Os serviços portuários, nos termos da Constituição Federal, são indispensáveis ao bom funcionamento da economia. São os portos que garantem o escoamento da produção para o exterior e sua constante atualização, mediante vultosos investimentos em infra-estrutura e modernização de embarcações. Junto à intensiva utilização de capital, os serviços portuários públicos necessitam atender à demanda nacional por qualquer carga, independentemente de valor agregado e retorno comercial. Assim, a prestação desses serviços é regulamentada pela Agência Nacional de Transportes Aquaviários (Antaq), a fim de se alcançar sempre o interesse público. Neste passo, a iniciativa privada concorre para o desenvolvimento nacional segundo a Lei n 8.630/93 (Modernização dos Portos), assumindo a exploração do serviço portuário após licitação promovida, em regra, pelas Companhias Docas com prévia autorização da agência reguladora. A única exceção à licitação é a admissão de portos privativos, cuja instituição demanda demonstração da premente necessidade do agente privado de movimentar, essencialmente, carga própria, como ocorre com grandes empresas cuja produção é voltada para o exterior. Repita-se: no caso de autorização de portos privados a carga própria, por si só, deve prever viabilidade da instalação do porto.

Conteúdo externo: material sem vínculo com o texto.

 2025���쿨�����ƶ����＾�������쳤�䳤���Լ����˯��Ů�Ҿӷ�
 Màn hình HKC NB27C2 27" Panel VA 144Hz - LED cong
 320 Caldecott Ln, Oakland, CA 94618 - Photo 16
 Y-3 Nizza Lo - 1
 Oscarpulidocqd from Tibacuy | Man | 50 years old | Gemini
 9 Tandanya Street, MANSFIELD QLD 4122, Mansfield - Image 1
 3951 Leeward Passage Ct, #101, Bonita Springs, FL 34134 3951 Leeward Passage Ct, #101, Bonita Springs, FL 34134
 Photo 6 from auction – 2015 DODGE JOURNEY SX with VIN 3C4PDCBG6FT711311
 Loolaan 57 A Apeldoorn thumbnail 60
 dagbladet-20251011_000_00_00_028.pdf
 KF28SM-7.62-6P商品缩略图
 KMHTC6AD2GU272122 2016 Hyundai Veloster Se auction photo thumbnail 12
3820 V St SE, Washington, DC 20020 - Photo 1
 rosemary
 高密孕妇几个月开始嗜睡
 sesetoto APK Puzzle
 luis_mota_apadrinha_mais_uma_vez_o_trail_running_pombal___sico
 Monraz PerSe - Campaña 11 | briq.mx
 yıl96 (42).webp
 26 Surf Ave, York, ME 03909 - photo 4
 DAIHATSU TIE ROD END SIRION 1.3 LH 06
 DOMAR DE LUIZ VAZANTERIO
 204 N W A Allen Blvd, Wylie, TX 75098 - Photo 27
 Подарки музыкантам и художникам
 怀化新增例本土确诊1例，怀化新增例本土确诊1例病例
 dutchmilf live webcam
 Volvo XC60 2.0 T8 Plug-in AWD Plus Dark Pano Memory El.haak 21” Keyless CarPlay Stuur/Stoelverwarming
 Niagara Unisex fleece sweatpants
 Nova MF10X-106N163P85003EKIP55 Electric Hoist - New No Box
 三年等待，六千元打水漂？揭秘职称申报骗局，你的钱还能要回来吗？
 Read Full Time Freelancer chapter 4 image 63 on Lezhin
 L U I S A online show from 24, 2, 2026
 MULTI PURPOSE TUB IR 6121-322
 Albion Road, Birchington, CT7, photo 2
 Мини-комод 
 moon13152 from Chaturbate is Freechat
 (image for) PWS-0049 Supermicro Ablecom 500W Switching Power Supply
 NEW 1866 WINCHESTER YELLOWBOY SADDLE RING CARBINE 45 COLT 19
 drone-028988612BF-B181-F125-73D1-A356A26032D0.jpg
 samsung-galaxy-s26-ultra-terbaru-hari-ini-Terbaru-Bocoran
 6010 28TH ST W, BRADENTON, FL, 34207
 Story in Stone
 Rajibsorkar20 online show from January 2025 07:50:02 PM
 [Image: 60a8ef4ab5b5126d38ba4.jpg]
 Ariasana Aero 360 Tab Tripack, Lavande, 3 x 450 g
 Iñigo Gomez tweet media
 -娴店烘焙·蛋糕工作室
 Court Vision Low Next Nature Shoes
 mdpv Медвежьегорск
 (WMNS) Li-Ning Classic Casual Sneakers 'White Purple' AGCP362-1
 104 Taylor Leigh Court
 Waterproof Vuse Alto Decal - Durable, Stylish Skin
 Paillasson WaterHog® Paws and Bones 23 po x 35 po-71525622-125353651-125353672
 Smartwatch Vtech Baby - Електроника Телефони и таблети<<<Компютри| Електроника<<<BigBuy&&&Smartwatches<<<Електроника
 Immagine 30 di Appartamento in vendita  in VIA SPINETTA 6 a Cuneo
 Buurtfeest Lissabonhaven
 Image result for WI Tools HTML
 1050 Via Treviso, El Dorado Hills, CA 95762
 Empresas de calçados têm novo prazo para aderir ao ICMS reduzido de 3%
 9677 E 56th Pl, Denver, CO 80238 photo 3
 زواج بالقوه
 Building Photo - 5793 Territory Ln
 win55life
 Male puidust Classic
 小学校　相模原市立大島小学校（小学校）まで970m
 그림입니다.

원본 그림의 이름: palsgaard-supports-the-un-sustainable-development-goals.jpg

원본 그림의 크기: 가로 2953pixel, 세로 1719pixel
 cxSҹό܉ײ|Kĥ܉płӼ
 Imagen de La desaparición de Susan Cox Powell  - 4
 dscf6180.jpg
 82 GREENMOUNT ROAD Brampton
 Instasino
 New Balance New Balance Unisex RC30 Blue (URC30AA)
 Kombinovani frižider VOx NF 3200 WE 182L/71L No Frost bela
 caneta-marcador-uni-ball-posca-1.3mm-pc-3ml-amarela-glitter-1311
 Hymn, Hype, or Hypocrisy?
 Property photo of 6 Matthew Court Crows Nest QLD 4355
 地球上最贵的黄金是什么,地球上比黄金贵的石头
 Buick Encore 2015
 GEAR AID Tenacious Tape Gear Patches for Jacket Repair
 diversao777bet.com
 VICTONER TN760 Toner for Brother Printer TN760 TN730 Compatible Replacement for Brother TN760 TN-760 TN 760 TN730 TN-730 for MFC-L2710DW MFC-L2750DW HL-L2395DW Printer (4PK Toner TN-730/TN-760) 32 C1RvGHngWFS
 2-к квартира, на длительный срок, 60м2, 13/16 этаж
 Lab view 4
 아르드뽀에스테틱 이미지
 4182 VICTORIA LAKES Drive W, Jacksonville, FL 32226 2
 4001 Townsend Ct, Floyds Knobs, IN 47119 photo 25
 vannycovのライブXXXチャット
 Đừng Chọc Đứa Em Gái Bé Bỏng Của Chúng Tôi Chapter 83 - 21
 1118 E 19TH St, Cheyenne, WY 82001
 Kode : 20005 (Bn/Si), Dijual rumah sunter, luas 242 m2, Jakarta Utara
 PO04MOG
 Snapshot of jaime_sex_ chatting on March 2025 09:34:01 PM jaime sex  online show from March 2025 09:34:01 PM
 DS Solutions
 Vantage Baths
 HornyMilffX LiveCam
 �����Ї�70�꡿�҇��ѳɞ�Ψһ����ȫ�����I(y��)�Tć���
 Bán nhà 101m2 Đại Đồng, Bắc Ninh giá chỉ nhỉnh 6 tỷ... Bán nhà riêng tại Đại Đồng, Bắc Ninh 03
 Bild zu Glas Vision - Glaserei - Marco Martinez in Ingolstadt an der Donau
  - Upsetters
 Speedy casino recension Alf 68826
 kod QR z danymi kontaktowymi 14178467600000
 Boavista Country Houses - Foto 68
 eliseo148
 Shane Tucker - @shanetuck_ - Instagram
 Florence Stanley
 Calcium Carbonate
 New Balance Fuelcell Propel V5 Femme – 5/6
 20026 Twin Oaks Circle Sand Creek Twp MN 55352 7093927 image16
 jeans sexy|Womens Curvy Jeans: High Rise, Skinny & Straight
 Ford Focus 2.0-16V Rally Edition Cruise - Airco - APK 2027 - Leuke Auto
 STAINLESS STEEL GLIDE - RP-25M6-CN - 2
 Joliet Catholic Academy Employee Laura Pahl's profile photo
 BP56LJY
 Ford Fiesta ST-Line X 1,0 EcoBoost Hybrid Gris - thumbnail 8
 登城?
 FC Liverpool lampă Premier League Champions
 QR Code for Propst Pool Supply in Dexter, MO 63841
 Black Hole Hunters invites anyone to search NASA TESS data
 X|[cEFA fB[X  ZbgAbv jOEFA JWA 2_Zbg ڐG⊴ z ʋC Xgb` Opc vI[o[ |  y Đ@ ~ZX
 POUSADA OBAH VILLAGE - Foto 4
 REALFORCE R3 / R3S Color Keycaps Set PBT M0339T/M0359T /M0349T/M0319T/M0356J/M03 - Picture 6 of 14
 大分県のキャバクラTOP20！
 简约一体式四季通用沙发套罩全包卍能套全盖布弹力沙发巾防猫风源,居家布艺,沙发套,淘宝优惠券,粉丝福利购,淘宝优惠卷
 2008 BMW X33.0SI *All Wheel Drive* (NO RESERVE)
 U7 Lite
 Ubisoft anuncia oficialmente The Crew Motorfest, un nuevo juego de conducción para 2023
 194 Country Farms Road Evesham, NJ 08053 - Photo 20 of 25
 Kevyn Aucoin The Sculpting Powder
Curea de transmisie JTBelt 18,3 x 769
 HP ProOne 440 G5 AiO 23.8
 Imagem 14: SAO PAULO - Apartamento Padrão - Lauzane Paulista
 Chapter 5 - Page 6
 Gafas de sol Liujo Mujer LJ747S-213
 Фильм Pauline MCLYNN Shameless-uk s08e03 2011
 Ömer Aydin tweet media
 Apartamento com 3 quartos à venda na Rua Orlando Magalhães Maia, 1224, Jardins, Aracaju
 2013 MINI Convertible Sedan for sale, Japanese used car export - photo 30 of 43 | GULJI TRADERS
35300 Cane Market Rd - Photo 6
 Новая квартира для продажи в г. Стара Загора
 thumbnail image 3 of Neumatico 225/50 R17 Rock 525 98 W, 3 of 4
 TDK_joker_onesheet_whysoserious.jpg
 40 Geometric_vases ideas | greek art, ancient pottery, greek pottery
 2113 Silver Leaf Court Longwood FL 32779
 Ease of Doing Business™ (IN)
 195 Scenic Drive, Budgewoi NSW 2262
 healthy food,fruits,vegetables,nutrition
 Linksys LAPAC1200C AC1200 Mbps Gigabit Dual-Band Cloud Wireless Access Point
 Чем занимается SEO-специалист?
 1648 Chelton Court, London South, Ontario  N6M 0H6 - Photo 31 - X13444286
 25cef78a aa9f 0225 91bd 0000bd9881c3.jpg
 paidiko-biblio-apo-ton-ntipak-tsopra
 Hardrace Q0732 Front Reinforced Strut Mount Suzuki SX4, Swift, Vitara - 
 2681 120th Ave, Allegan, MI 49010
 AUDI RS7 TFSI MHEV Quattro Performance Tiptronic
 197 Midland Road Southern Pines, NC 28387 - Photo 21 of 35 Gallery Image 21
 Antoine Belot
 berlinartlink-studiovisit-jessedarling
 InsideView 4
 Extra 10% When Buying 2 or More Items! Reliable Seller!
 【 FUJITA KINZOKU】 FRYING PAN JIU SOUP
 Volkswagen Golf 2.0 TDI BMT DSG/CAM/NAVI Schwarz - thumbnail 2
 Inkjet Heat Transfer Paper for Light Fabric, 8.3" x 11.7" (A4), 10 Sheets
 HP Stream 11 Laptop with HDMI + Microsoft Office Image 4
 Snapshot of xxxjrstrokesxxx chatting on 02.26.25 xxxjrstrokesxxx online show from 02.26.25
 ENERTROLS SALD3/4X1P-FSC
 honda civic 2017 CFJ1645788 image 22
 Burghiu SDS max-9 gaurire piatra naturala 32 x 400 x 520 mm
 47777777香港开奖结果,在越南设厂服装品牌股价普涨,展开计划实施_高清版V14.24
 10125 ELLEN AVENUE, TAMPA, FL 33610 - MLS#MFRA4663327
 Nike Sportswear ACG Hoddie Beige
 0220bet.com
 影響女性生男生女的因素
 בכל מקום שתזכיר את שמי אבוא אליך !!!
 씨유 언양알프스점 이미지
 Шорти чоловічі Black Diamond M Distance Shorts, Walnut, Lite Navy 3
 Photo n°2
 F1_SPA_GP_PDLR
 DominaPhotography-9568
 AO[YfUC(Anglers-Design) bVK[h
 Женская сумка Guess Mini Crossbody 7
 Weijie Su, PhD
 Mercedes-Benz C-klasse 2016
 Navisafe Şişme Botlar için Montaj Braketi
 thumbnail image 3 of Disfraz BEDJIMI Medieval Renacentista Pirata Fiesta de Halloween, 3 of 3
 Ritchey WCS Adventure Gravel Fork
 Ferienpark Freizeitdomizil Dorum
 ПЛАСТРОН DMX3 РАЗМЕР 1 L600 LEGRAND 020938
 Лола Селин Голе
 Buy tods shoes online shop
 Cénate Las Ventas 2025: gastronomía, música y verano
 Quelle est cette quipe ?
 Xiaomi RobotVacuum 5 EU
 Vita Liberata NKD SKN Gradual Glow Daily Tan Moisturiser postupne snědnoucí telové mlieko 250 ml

A regra institucional segue, portanto, a premissa pela qual a carga de terceiros seja movimentada em portos organizados, em modalidade pública de prestação de serviço, observando-se princípios de isonomia de acesso, modicidade tarifária, continuidade da prestação e adequação material da prestação dos serviços, dentre outras regras. A opção por tal modelo é fruto de sensata opção do Estado brasileiro, cristalizada na Constituição, com grandes objetivos: garantia da soberania nacional, visto que os portos são estratégicos e o Poder Público deve promover fiscalização tributária, sanitária e de movimentação de pessoas e mercadorias, bem como defesa da nação; e garantia do interesse público na implementação de políticas industriais e de comércio internacional, na medida em que os portos interferem na dinâmica de diversos mercados.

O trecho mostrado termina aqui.